Según el documento, los actores armados han utilizado la desaparición forzada con tres propósitos fundamentales: castigar y dejar mensajes aleccionadores tendientes a inhibir ideologías y prácticas políticas y sociales; generar terror para así ganar y ejercer control, debido al potencial simbólico de este delito; y para ocultar crímenes, eliminando los cadáveres de las víctimas y borrando evidencias, lo que ayuda a ocultar la responsabilidad del perpetrador y enmascara las verdaderas dimensiones del conflicto y sus víctimas.
En el caso del impacto simbólico, por ejemplo, se traduce en un mensaje claro: quien no acate los parámetros del grupo que está en el poder corre ese mismo riesgo de desaparecer y quedar en ese incierto limbo entre la vida y la muerte que es la desaparición. Lo horroroso del delito termina por apabullar a los familiares de la víctima, a sus vecinos, a la comunidad de la que hacía parte. Además, dice el informe, “el miedo a ser violentado por las personas armadas estimula la ruptura del tejido social dado que, como mecanismo de autoprotección, se genera distancia y fractura en las relaciones sociales y comunitarias con quienes han sido victimizados”. Es decir, las consecuencias de este delito van mucho más allá del dolor.

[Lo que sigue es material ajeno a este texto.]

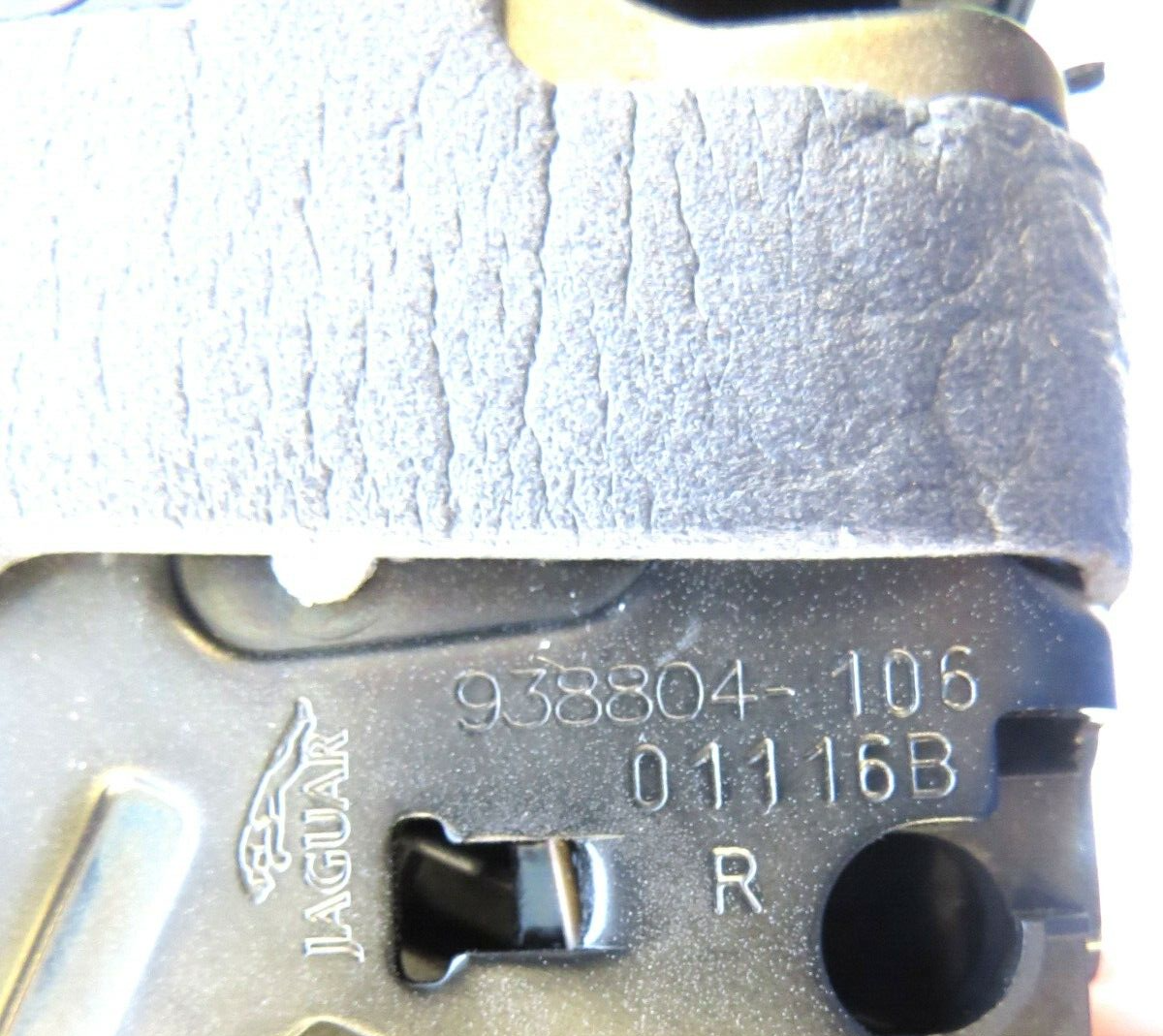 Jaguar Range Rover Sport 2014-2023 OEM NEW Door Lock Actuator Motor Rear Right - Image 4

Con la intención de hacer este tipo de delito más crudo y cruel, los grupos armados se han valido de lugares de terror que utilizan especialmente para desaparecer, casas de verdadero terror. En distintos lugares del país se supo de hoteles, escuelas, cuarteles haciendas, parques, plazas, vehículos y hasta iglesias donde se llevó a cabo la desaparición y lo que a esta antecede, torturas. Los gritos de las víctimas fueron otro incentivo de terror para las comunidades, el sufrimiento extremo y los cuerpos torturados que soportaron todo tipo de vejámenes terminaron siendo, también, mensajeros del horror. Para nadie es un secreto que hubo decapitaciones, descuartizamientos, diferentes formas de violencia sexual y torturas de todo tipo. Reinó la sevicia.

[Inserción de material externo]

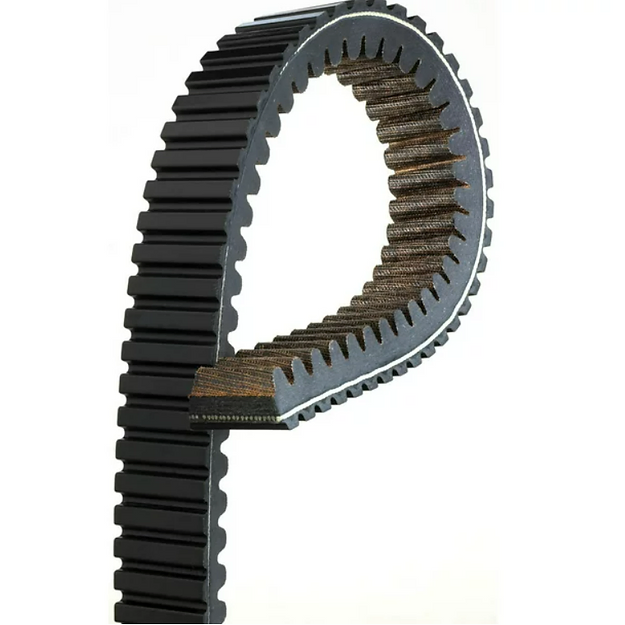 segway villain upgraded drive belt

No era suficiente con matar y desaparecer, era cuestión de hacer lo posible para que esa persona fuera imposible de reconocer, querían borrar su existencia, borrar cualquier marca que posibilitara su identificación. Ya no eran un cuerpo, pues ni siquiera podían permanecer completos. Hasta se crearon hornos crematorios clandestinos para reducirlos a polvo. Otros fueron trasladados y sepultados como N.N lejos de su lugar de origen. Estaban también los ríos que atraviesan la geografía nacional, que se tragaron para siempre otros cuerpos, que se lanzaban sin vísceras, pero con piedras para que se hundieran, o los precipicios a donde era imposible acceder. Nunca faltó creatividad, siempre hubo maneras de desaparecer.
Pero el informe del CNMH insiste también en una definición de desaparición forzada mucho más amplia, que incluye la suerte de aquellas personas reclutadas a la fuerza y de las que nada se sabe, al igual que la de secuestrados que nunca fueron devueltos a sus familias y cuyo rastro se perdió. También, a los denominados “falsos positivos”, quienes son desaparecidos y ejecutados extrajudicialmente.

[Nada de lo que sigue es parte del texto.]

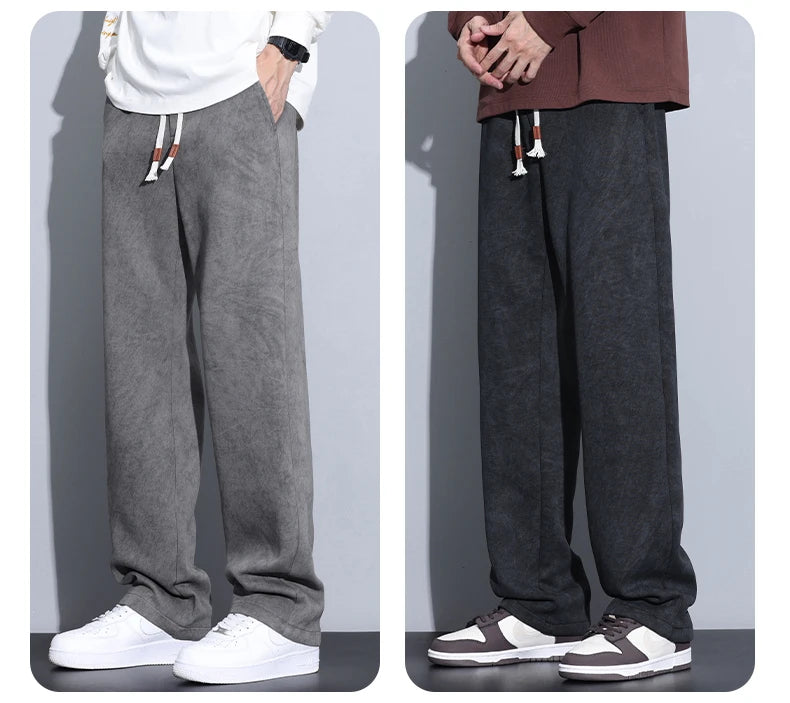 Leoniero Pants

La conclusión no es otra que entender que la desaparición forzada es un crimen atroz, que el sufrimiento que produce es horroroso, que la incertidumbre que genera es interminable y que el delito, como tal, es casi imperceptible. Hoy en Colombia, de esas más de 60 mil víctimas de desaparición forzada, 52.806 siguen desaparecidas, de apenas 3.658 se sabe de su paradero, 3.480 han aparecido muertas y solo 984, el 2% del total, han aparecido vivas. Hace falta desenterrar la verdad, pero también pensar qué hacer con aquellos que nunca jamás van a aparecer.